> [DATA EXTRACT]:
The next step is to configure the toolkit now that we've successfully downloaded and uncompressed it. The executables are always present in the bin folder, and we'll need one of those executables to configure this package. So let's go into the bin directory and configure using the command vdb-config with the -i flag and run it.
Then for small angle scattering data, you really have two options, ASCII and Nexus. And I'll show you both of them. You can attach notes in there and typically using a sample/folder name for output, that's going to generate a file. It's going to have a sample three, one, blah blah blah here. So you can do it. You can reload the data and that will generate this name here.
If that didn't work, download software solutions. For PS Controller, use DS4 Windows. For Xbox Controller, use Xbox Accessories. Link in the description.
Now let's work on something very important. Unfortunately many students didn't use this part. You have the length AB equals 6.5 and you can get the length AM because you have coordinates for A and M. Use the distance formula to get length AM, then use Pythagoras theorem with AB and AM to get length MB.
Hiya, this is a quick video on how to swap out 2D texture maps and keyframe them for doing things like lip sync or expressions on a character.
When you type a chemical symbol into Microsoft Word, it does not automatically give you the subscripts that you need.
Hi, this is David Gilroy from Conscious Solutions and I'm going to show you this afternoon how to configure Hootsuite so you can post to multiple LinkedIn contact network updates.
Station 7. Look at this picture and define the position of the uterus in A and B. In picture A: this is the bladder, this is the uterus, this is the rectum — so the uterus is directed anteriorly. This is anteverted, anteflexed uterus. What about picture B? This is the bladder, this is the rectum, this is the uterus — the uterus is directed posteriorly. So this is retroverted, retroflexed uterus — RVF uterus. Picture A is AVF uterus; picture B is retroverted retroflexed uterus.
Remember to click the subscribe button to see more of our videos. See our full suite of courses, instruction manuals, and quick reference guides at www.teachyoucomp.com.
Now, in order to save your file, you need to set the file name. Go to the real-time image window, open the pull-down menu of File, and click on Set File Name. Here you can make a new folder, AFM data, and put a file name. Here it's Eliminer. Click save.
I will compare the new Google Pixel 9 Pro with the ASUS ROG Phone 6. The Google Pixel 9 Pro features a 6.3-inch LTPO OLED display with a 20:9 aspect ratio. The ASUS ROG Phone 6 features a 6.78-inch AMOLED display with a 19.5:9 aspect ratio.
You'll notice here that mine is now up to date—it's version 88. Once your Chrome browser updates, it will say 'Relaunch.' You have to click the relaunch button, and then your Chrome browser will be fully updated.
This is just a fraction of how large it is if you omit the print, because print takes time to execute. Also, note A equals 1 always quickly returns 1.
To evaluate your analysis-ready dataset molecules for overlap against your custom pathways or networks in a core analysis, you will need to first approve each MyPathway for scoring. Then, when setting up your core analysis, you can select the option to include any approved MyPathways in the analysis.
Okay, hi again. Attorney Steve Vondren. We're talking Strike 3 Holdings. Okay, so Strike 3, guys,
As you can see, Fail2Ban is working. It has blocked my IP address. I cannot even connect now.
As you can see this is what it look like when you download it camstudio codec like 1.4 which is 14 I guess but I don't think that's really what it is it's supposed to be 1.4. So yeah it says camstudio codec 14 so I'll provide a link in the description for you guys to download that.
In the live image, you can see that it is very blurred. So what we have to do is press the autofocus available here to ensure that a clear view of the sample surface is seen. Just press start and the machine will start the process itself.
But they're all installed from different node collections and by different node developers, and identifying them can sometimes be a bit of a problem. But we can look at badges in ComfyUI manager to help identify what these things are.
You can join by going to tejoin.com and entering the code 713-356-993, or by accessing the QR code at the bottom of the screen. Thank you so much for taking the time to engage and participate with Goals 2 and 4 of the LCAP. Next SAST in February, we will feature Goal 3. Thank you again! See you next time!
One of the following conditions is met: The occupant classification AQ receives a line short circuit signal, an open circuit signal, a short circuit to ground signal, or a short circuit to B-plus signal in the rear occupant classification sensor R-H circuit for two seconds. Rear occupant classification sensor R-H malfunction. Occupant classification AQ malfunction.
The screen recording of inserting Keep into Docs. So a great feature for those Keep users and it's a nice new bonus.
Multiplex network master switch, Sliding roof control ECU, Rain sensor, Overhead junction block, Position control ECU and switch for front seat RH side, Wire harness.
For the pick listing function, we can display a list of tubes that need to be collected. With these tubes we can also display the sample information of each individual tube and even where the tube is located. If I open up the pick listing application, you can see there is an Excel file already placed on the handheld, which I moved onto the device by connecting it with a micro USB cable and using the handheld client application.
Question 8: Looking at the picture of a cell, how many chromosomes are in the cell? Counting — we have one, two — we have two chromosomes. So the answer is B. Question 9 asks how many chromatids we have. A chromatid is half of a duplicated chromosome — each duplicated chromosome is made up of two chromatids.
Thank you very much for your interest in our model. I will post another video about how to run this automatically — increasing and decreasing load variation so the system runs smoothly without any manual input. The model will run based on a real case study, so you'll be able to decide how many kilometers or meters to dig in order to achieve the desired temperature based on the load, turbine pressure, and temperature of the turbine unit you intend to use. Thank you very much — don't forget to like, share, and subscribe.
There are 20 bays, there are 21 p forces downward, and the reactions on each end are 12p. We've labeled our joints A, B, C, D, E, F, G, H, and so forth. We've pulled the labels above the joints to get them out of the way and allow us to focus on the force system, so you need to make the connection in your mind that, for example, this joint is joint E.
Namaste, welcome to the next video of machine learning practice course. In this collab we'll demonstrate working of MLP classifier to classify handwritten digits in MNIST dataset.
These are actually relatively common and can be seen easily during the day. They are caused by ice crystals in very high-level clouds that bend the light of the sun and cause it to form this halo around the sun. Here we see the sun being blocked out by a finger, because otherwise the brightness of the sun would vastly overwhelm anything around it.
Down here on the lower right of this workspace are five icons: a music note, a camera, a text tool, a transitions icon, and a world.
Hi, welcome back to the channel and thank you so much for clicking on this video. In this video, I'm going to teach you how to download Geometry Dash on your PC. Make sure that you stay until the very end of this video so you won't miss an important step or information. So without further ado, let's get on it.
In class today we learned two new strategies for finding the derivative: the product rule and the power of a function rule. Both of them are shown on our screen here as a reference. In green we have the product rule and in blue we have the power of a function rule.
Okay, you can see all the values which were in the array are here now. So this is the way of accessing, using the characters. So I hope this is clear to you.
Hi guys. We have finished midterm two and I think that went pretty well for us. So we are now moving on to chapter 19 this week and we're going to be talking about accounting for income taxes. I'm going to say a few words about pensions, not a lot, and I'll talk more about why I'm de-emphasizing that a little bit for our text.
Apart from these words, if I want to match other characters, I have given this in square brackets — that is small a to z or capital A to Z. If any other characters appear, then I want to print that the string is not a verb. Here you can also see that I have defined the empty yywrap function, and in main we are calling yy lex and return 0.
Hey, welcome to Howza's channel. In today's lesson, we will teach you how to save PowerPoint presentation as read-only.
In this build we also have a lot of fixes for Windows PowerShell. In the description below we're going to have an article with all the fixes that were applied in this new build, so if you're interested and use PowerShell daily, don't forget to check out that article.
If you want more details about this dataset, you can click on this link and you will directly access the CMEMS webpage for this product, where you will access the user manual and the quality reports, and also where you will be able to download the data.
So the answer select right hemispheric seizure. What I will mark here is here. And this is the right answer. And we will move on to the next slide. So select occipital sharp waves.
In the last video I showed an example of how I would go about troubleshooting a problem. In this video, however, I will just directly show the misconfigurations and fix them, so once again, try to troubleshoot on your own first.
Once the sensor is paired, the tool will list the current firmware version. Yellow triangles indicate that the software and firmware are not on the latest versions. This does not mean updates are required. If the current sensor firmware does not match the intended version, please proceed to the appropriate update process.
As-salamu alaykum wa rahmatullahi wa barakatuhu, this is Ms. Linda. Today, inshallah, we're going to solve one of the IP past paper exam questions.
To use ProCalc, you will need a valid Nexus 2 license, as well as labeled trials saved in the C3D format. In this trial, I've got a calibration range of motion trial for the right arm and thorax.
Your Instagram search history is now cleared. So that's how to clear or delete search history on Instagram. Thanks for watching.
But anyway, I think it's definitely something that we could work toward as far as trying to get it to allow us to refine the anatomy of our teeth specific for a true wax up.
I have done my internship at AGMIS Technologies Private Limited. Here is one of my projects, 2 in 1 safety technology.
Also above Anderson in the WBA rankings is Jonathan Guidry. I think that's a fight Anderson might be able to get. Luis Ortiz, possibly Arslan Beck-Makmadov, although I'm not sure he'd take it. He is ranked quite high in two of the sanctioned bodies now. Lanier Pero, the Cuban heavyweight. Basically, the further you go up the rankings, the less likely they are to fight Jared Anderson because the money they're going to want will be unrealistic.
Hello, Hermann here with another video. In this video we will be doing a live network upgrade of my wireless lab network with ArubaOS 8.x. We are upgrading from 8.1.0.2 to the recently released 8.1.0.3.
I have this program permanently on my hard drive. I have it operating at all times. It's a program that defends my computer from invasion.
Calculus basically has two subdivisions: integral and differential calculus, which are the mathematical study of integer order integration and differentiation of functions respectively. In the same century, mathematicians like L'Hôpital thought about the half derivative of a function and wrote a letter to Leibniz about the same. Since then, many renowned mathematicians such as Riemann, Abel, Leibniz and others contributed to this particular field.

> [ACTION ITEM]: Output the lines above between the one holding "These are actually" and the one holding "Hi, welcome back", inclusive, with nothing before or after them.

> [WRITTEN REPLY]:
These are actually relatively common and can be seen easily during the day. They are caused by ice crystals in very high-level clouds that bend the light of the sun and cause it to form this halo around the sun. Here we see the sun being blocked out by a finger, because otherwise the brightness of the sun would vastly overwhelm anything around it.
Down here on the lower right of this workspace are five icons: a music note, a camera, a text tool, a transitions icon, and a world.
Hi, welcome back to the channel and thank you so much for clicking on this video. In this video, I'm going to teach you how to download Geometry Dash on your PC. Make sure that you stay until the very end of this video so you won't miss an important step or information. So without further ado, let's get on it.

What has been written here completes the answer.